Andalusian Gazpacho recipe

Spanish gastronomy is recognized worldwide as one of the most varied due to our fresh ingredients and to include in almost every dish a special touch for each region of our country. On this occasion we organize a cooking workshop learning how to make Andalusian Gazpacho, a typical dish of the Andalusia region located in the south of the Spanish peninsula.


  • 1,5 Kg of tomatos

  • 250 gr of green peppers

  • 250 gr of cucumbers

  • 1 garlic clove

  • Extra Virgin Oil (2 spoonfuls)

  • Vinegar (1 spoonful)

  • 100 gr of bread

PREPARATION of the Andalusian Gazpacho

Soak the bread in a bowl of water. Cut the tomatos, the cucumbers and the peppers in small pieces. Crush with the blender and pass through a strainer or a food mill to remove the pieces of skin and the seeds of the cucumber and tomato, and pour it into a container. Crush the wet bread and garlic with the mixer together with the vinegar, oil, salt and a little water.

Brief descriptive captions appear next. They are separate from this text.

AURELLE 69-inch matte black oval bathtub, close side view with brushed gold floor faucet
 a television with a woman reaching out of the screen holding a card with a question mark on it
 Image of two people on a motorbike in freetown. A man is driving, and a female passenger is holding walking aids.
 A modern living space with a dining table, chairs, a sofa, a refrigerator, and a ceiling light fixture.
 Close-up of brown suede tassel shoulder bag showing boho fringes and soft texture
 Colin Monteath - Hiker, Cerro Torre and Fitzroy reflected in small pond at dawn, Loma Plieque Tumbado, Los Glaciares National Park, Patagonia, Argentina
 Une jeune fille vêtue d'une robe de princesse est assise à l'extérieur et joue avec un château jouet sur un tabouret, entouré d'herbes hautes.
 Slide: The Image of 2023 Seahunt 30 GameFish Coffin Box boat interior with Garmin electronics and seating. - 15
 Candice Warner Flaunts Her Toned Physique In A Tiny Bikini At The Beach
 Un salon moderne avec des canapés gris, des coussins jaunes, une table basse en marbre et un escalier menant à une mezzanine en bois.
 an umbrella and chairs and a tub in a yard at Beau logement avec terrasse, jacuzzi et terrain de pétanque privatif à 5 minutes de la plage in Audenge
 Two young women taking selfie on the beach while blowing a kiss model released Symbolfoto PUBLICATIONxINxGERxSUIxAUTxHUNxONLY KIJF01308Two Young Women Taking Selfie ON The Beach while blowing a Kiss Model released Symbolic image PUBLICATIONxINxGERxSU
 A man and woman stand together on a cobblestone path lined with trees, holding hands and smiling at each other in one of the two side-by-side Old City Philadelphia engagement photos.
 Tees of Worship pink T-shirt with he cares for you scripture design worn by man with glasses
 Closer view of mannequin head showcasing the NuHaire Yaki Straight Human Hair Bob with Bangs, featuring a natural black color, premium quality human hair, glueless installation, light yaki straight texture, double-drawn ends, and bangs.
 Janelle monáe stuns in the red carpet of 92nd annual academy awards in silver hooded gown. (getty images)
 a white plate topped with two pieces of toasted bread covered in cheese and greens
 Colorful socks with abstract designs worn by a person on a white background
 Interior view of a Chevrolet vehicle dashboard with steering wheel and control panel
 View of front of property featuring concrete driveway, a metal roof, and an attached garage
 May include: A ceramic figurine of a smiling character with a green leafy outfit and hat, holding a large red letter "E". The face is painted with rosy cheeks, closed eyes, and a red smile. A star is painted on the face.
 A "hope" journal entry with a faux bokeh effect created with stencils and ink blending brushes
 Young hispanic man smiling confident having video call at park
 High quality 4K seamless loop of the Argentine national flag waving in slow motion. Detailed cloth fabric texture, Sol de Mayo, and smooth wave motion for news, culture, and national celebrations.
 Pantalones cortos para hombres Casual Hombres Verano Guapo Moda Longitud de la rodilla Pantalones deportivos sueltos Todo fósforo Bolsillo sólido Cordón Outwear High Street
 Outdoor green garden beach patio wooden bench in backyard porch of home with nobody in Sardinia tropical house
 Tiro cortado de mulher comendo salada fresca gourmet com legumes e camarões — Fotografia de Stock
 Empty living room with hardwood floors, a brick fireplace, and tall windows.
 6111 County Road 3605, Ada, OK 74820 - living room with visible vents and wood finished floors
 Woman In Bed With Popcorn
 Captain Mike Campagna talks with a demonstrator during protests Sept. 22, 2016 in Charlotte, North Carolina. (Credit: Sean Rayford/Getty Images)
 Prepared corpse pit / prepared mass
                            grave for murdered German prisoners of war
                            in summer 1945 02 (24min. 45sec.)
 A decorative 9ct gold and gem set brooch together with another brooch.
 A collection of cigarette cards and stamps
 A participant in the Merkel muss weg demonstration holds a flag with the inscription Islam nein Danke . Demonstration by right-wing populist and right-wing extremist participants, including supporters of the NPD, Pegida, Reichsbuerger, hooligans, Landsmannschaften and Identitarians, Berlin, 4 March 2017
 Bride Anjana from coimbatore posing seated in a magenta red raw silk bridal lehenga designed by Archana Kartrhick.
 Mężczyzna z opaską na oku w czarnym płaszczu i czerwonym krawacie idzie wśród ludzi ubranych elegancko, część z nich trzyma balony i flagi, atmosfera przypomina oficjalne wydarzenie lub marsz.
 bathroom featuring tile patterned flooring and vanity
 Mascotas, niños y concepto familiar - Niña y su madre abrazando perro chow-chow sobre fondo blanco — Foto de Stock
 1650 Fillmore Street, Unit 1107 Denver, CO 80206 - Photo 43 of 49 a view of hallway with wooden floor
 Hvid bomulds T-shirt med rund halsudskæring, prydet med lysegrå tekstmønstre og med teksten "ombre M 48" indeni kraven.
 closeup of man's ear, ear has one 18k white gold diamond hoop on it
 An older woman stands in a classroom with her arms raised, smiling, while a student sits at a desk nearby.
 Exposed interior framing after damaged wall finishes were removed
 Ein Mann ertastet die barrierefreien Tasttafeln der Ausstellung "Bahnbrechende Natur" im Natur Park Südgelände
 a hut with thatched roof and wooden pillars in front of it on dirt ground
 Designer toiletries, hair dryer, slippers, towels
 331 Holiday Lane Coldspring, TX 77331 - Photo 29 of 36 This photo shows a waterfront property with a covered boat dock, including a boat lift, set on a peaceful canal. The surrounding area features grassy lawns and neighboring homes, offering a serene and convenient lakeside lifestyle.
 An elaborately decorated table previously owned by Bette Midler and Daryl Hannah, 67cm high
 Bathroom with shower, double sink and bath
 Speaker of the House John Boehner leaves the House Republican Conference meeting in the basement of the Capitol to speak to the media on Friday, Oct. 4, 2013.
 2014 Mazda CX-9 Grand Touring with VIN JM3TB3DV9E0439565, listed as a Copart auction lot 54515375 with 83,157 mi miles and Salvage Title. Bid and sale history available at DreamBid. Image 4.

Add it to the bowl that we have with the tomato and the other crushed ingredients and we mix it well. You can add a little more water, if you want.

It is usually served with very small pieces of bread, tomato, cucumber and pepper (sometimes also onion) that are placed in bowls so that each one can serve themselves and add the amount they want to the gazpacho.

And now it’s ready to eat! don’t forget to serve it cold.